On a bus trip from New Delhi to Agra, a tour guide talks proudly of the Moghul Empire. The Moghul Empire has been gone for centuries. He does not seem to notice, as the bus moves past the squalor and poverty outside.
India has democracy. It is painfully, embarrassingly, short, however, of charity. Private philanthropy is minimal. Government services for the poor and elderly are meager and miserly.
During the days of the Moghuls it might have been de rigeur for the few to live in palaces and the many to live in desperate want. Not today. Not for any nation that wants to be taken seriously as a modern democracy. America still has its super-rich and its disgraceful pockets of abject poverty, but America's leaders struggle to provide relief. Foundations and wealthy Americans - and many Americans who are not wealthy -- spend billions of dollars on programs to improve education and opportunity. We have government programs designed to care for the sick and the elderly. We still have far too many neighbors who are hungry or homeless or ill, but we strive to address those problems, sometimes with more success than at other times, but with an understanding that the suffering of others is not to be simply shrugged off.

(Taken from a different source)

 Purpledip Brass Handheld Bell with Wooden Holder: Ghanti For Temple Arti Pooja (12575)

In India, one sees too few signs of any such concern.
This is not a reaction to a single tourist visit to a foreign land. I have been to India repeatedly for decades, both as a member of Congress and as a private citizen. I understand the enormity of the problem -- a nation with more than a billion people is not easily governed - but I do not understand the persistent absence of progress nor the too-frequent blindness of the haves to the fate of the many have-nots. Keep in mind that the poor are not isolated in distant and inaccessible places: in New Delhi, one finds Mercedes automobiles and tables heavy with food just yards from pockets of hunger.

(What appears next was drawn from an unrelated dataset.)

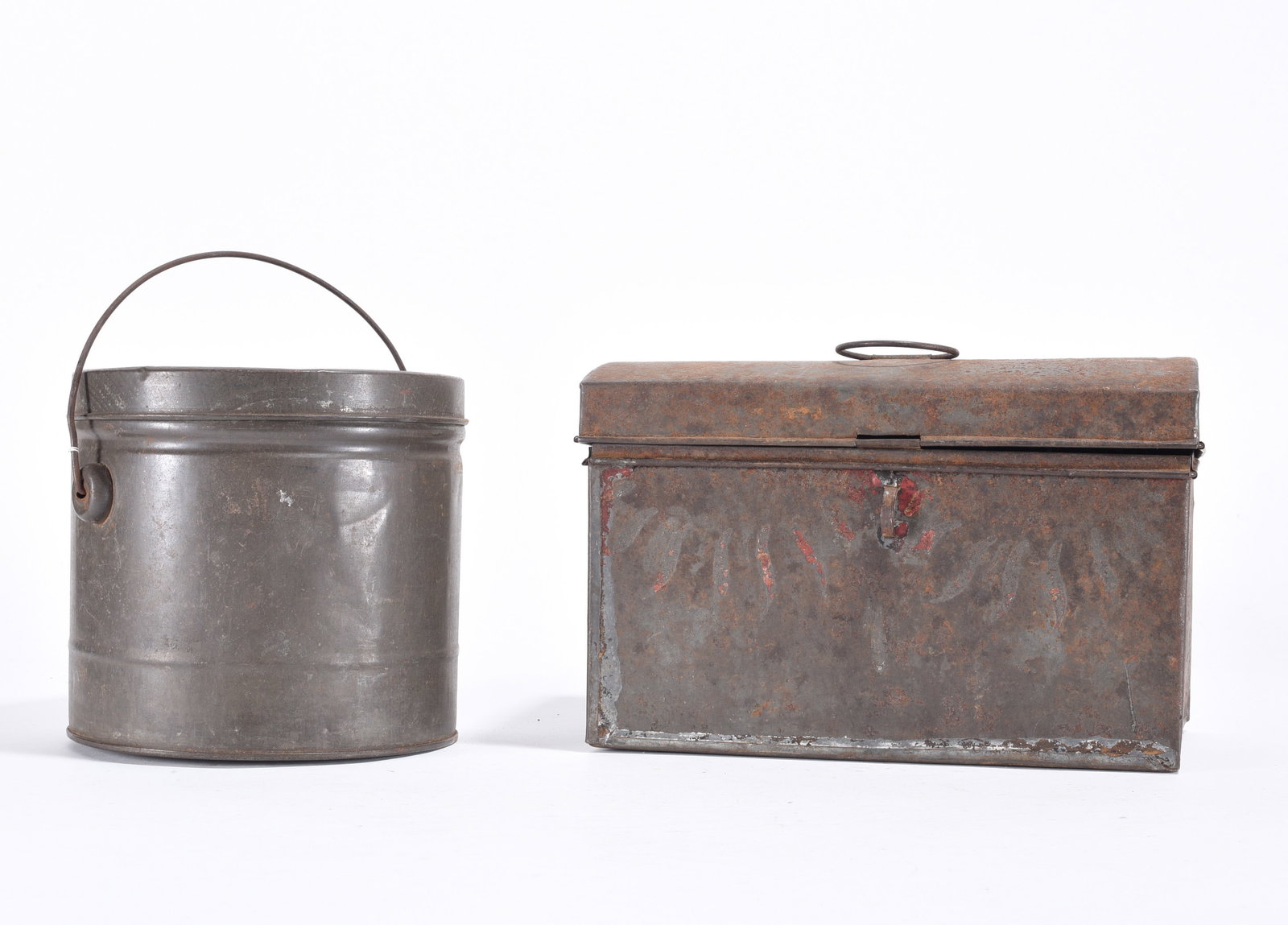 Antique Metal Can and Pale: ca. 1900. 6"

I can, of course, imagine some of the likely responses to this, including the completely appropriate refrain that we in America still have quite a long way to go ourselves. Perhaps, but anybody who believes there is no real difference, quantitative and qualitative, between our shortcomings and those of India, is simply too committed to America-bashing to understand the difference between a hole and an abyss. India is not an America with more people; it is a democratic nation with many good-hearted people who have a horrendous blind spot. There is poverty in America. Joblessness and hunger and homelessness. But those in that situation are the exception in our country and we attempt, as best we can, both privately and publicly, to erase the blot. In India, nothing, it seems, changes. India, where half a billion souls, crowded in urban slums or hunkered over fields farmed in the ways of the past, scrape out a living, two days of survival on an income the equivalent of a newspaper and some carrots.

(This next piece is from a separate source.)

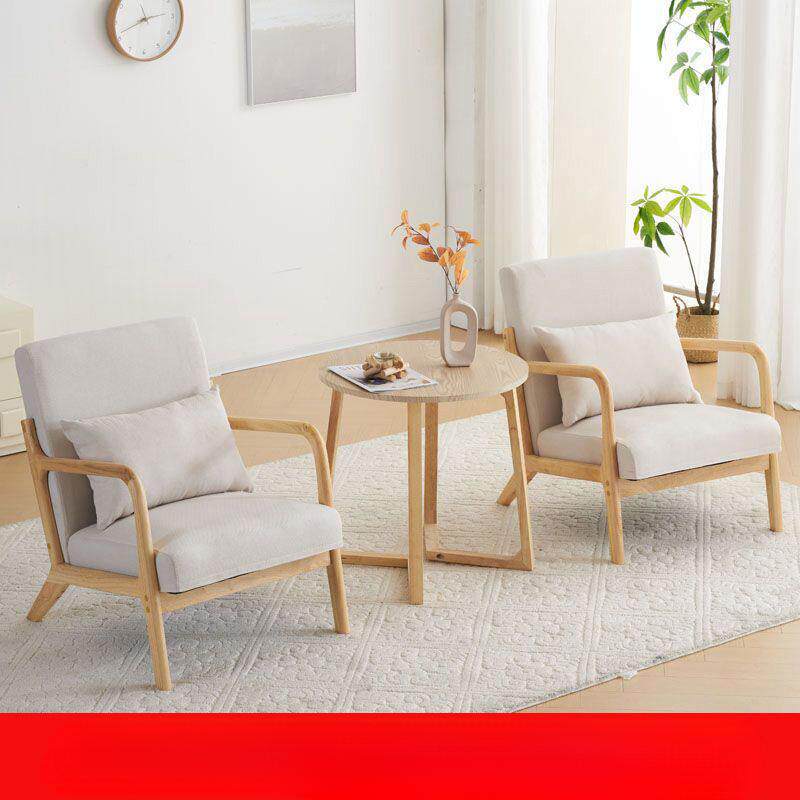 网红小沙发单人双人茶几组合北欧小户型卧室阳台客厅原木懒人椅子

If this reality, this Indian struggle, does not haunt you, you have not looked into the eyes of a six-year-old child pulling on you and pleading for something, anything, in the hope that she might be able to eat that day. In America, the pain of such a sight is often sufficient to impel all but the most callous to try to do something, whether through government action or private giving. In India, the response too often is to reminisce about the Moghul Empire.